Could the 25th amendment be used to remove Donald Trump from office?

If the US president is deposed, he could stoke a politics of grievance that would last much longer than his remaining term.

By Ido Vock

In the wake of the storming of the US Capitol by a pro-Donald Trump mob calling for the results of the 2020 election – now certified – to be overturned, Democrats and some Republicans are calling for the 25th amendment to the constitution to be invoked to remove Trump from office.

The 25th amendment has, historically, mostly been used voluntarily by presidents to temporarily transfer executive power to their vice-presidents while they undergo medical procedures under Section 3 of the amendment. It was previously invoked in 2007, when Dick Cheney was made acting president for two hours while George W Bush underwent a colonoscopy.

[Hear more from Ido on the World Review podcast]

Section 4, which permits an unfit president to be removed from the office against their will, has never been used to date.

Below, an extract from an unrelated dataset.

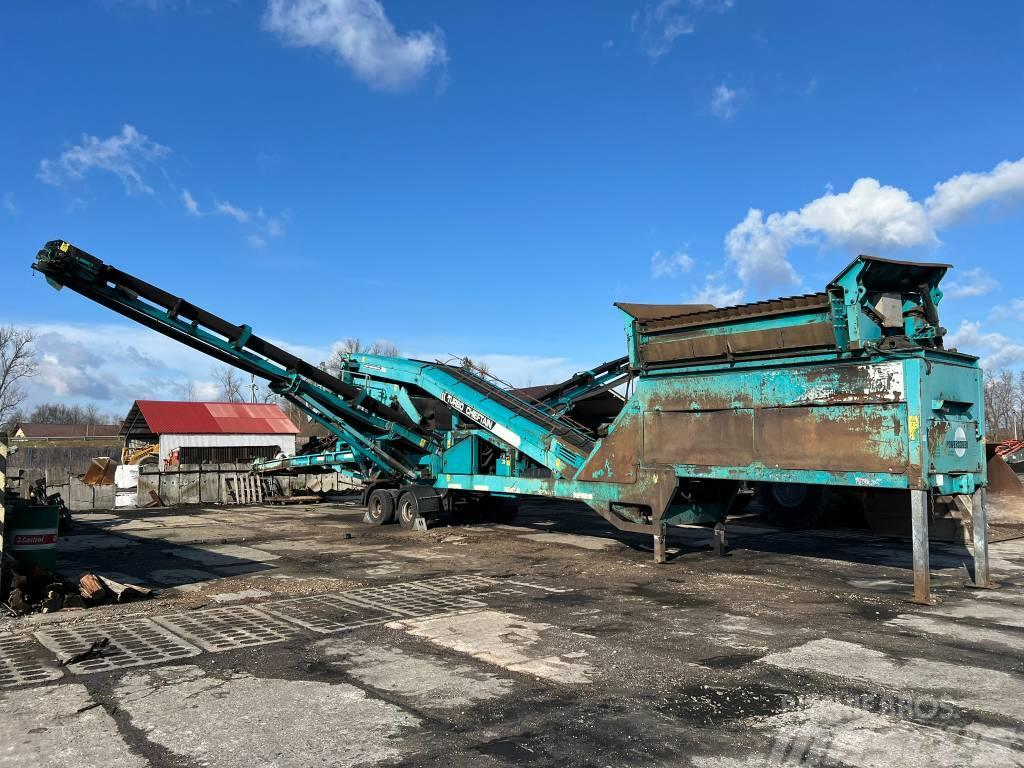 PowerScreen Chieftain 1400 Cribas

Under the 25th amendment, if Vice-President Mike Pence – who in recent days has refused to go along with Trump’s baseless attempts to override the expressed will of American voters – and a majority of cabinet secretaries or Congress declare Trump “unable to discharge the powers and duties of his office”, Pence would replace Trump as acting president until 20 January, when the president-elect Joe Biden will be sworn into office.

The language of the amendment is intentionally broad, allowing for its potential invocation in a wide range of circumstances, including some in which the president contests their unfitness to hold office, according to Paul Campos, a law professor.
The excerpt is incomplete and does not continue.